Saturday, 28 July 2007

Hadoop at OSCON 2007

I wasn't there, but Hadoop had two airings at OSCON this week. Doug Cutting was a part of the Open Source Radar Executive Briefing with Tim O'Reilly to talk about scaling.

He also gave a talk, with Eric Baldeschwieler, entitled "Meet Hadoop" where he gave a great exposition of the problem that Hadoop is designed to solve. In short: disk seeks are expensive, so databases built using sort-merge, which is limited by transfer speed not seek speed, scale better than traditional B-tree databases, which are limited by seek speed. More details and examples on the slides.

Eric's half of the talk gave some interesting tidbits about how Hadoop is being used at Yahoo! For example, they are running Hadoop on about 10,000 machines, and the biggest cluster is 1600 machines! With these kind of numbers I can see how Nigel Daley came to coin Nigel's Law:

In a large enough cluster, there are NO corner cases

Thursday, 19 July 2007

Articles and blogs

Coinciding nicely with Jakob Nielson's admonition Write Articles, Not Blog Postings (via Steve Loughran) here's my latest article, Running Hadoop MapReduce on Amazon EC2 and Amazon S3, published on Amazon Web Services Developer Connection.

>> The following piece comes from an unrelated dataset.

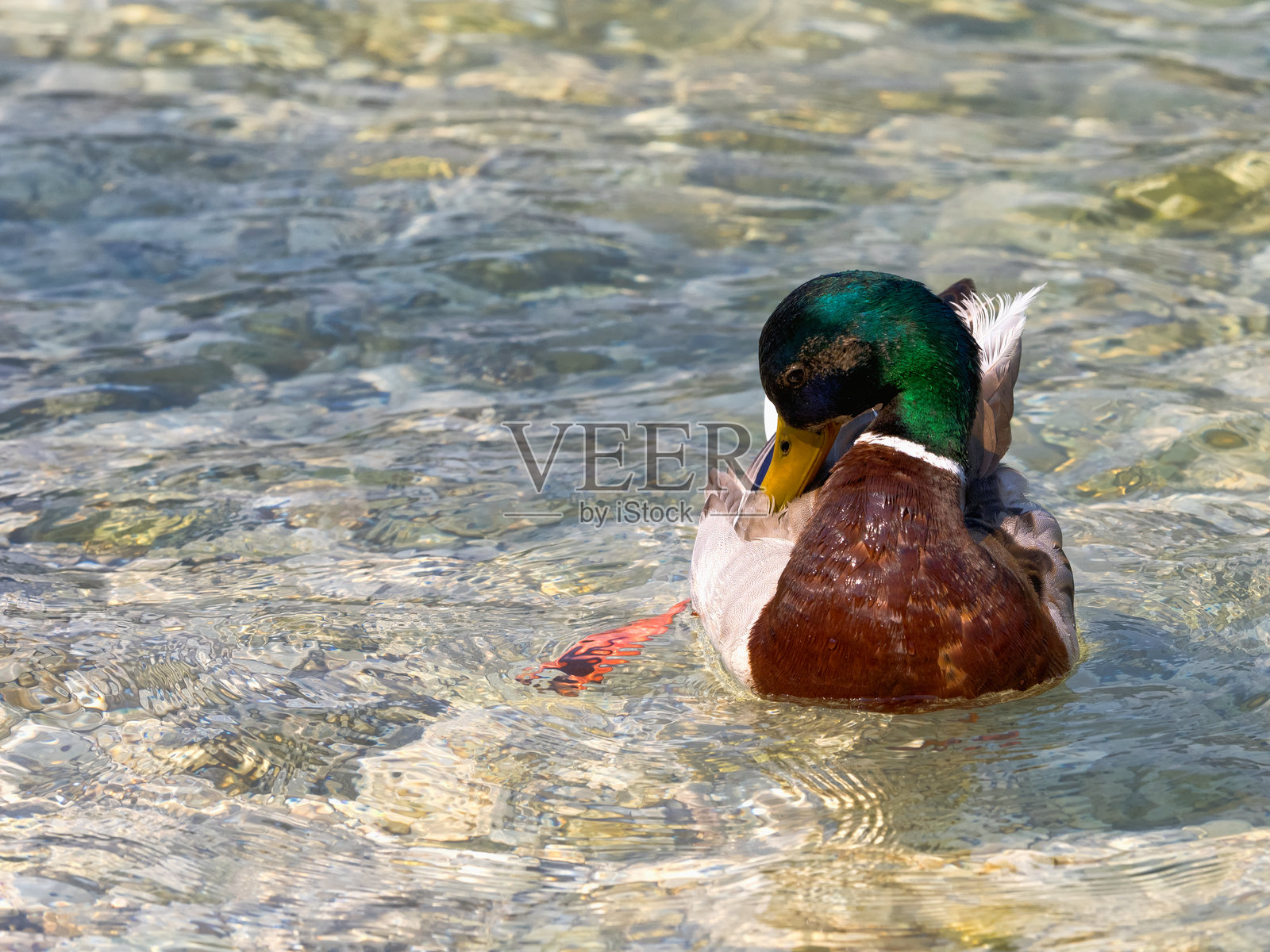野鸭照片摄影图片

It's almost a year and a half since I wrote my last article and one of the reasons is because I've blogged more. Not much, but more.

Jakob's got a point about being directed to short, old, irrelevant blog postings when you're looking for something. He's not saying don't blog, but rather try to write stuff that will be long-lived. Definitely something to aim for for tech writers - but not at the cost of not writing anything (so it's OK to sprinkle blogs with lighter weight stuff).

Sunday, 15 July 2007

Hadoop Development Steadily Rising

Judging by this graph showing posts to the dev list (on Gmane) the rate is currently at about 50 posts a day. This has roughly doubled since the beginning of the year. Some of the increase is down to the momentum behind Hbase (which provides Bigtable-like capabilities on top of Hadoop), but I think it is also down to general growth - more people seem to be participating in development than ever before. This is great! Obviously the risk is that at such a rate of development Hadoop becomes unstable, but so far it looks like it's under control - the (informal) feedback I've had tells me the 0.13.0 release is one of the most stable we've done.